(Record extracts)

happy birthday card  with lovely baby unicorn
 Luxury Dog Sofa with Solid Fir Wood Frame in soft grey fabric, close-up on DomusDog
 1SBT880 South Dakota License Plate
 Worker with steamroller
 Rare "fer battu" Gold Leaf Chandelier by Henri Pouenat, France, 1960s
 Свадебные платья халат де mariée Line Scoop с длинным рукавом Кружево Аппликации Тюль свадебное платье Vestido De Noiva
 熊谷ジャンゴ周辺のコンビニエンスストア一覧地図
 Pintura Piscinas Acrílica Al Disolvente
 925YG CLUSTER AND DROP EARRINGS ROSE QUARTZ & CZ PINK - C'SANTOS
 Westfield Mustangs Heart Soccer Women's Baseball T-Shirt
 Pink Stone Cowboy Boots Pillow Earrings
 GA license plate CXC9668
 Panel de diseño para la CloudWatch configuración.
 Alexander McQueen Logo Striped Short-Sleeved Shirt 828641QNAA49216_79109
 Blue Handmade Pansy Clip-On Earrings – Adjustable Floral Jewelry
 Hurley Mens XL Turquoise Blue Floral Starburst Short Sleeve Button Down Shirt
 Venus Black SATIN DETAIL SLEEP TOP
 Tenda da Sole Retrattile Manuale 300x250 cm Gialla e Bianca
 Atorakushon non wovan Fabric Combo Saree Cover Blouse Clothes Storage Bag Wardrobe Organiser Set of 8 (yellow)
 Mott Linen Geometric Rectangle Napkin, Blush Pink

(End Record extracts)

Every line above from the line with "Luxury Dog Sofa" to the line with "Panel de diseño", inclusive, must be returned exactly; no other line belongs in the reply.

Written answer:
 Luxury Dog Sofa with Solid Fir Wood Frame in soft grey fabric, close-up on DomusDog
 1SBT880 South Dakota License Plate
 Worker with steamroller
 Rare "fer battu" Gold Leaf Chandelier by Henri Pouenat, France, 1960s
 Свадебные платья халат де mariée Line Scoop с длинным рукавом Кружево Аппликации Тюль свадебное платье Vestido De Noiva
 熊谷ジャンゴ周辺のコンビニエンスストア一覧地図
 Pintura Piscinas Acrílica Al Disolvente
 925YG CLUSTER AND DROP EARRINGS ROSE QUARTZ & CZ PINK - C'SANTOS
 Westfield Mustangs Heart Soccer Women's Baseball T-Shirt
 Pink Stone Cowboy Boots Pillow Earrings
 GA license plate CXC9668
 Panel de diseño para la CloudWatch configuración.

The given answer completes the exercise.